Pero en una ofensiva de los rebeldes en menos de dos semanas han logrado imponerse sobre las fuerzas gubernamentales. Irán, otro aliado sirio, y Rusia, el histórico apoyo, está en sus propias batallas. En el caso de Rusia, la batalla en Ucrania no avanza y desgasta sus fuerzas. Irán, por su parte, está muy vigilada por el conflicto con Israel.
Y en la geopolítica actual, la llegada de Donald Trump a la Casa Blanca de nuevo en enero de 2025 parece abrir nuevos escenarios. El principio bajo el que parece que se regirá Estados Unidos los próximos cuatro años es el de no intervenir salvo cuando sus intereses estén en juego en el corto plazo. Es decir, mientras no toquen sus bienes o a ciudadanos norteamericanos, Trump dejará que el mundo haga y deshaga.

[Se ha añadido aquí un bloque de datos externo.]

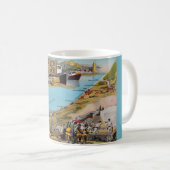 Tasse La Cote Basque (Devant droit)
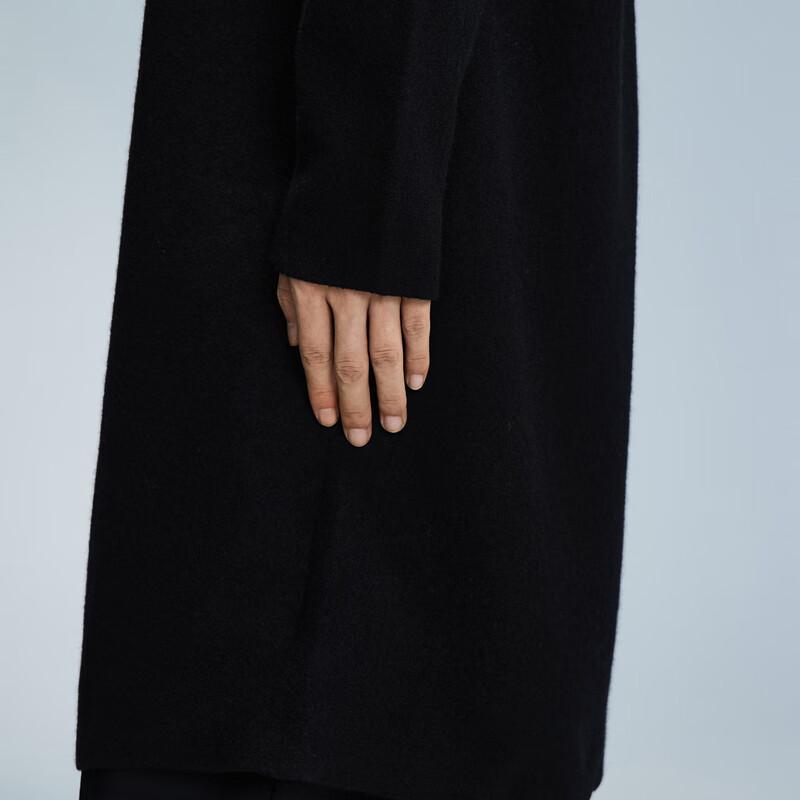 CROQUIS Men's 2024 Autumn Shawl Collar Cardigan Sweater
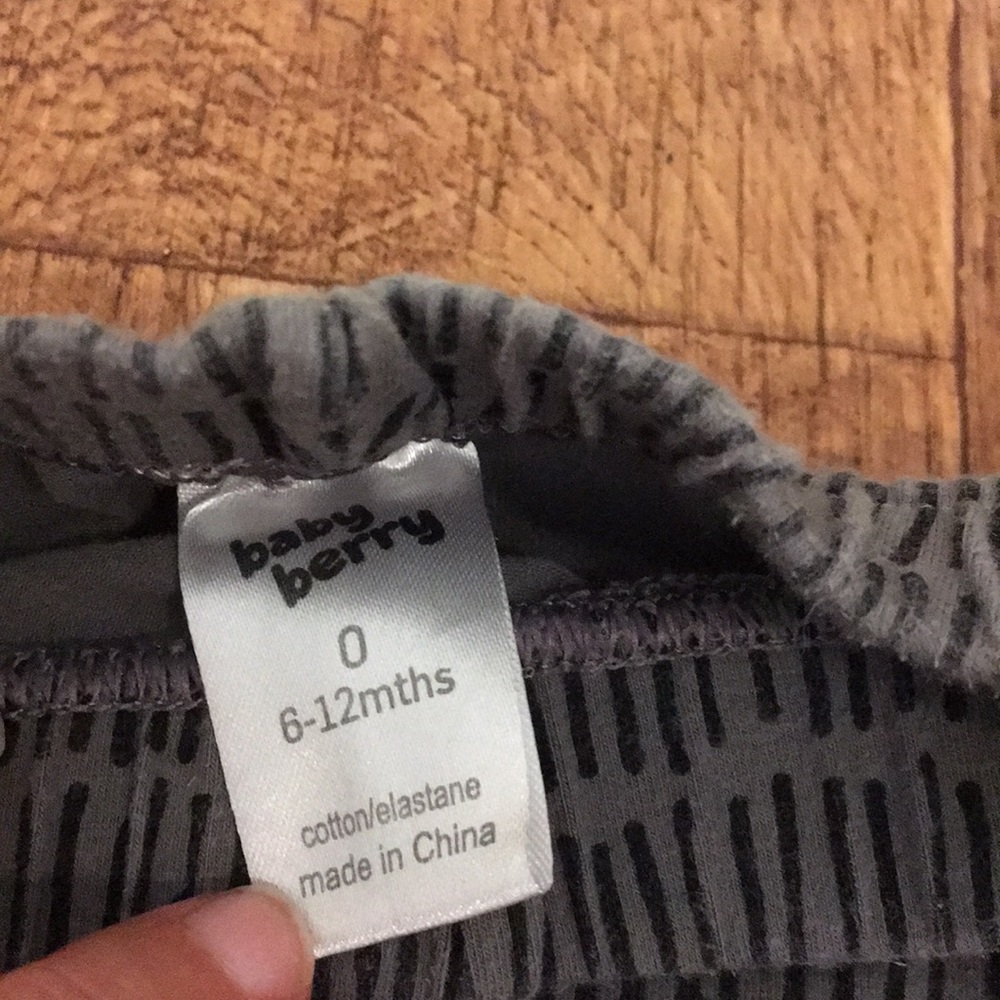 leggings - Picture 3 of 4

Ese principio regirá en el conflicto con Ucrania. En campaña, Trump, que admira a Putin sin rubor, ya dijo que alcanzaría un acuerdo para el fin de la guerra ucraniana. Y ese final solo pasa por retirar el apoyo a los ucranianos permitiendo a Putin mantener las regiones que hace dos años y medio invadió, el Dombás y sus alrededores, con Donetsk ya de facto bajo control ruso.
En ese contexto, está por ver qué ocurre ahora. Si los vencedores en esta guerra acaban con el régimen anterior con sangre, imponiendo un nuevo sistema, que podría ser de corte ultra. Por otro lado, altos cargos sirios, que han ordenado a su ejército entregar las armas, podrían aún tener un papel importante si convencen a los vencedores de pactar una salida democrática e iniciar una transición.
Pero es difícil. Porque en multitud de ocasiones se ha denunciado el presunto uso de armas químicas contra la población por parte del régimen. Son más de 600.000 muertos en total, unos 100.000 de ellos civiles, millones de desplazados, millones de heridos... El odio tras un conflicto tan largo es mutuo. Aparte, la oposición va desde demócratas hasta yihadistas. Además, confluyen intereses de potencias como Rusia, Irán, Turquía, la Unión Europea... Y todo está contagiado por otros conflictos como Palestina o Ucrania. Una salida democrática sería lo ideal. Pero pocas veces se cumplen estos deseos.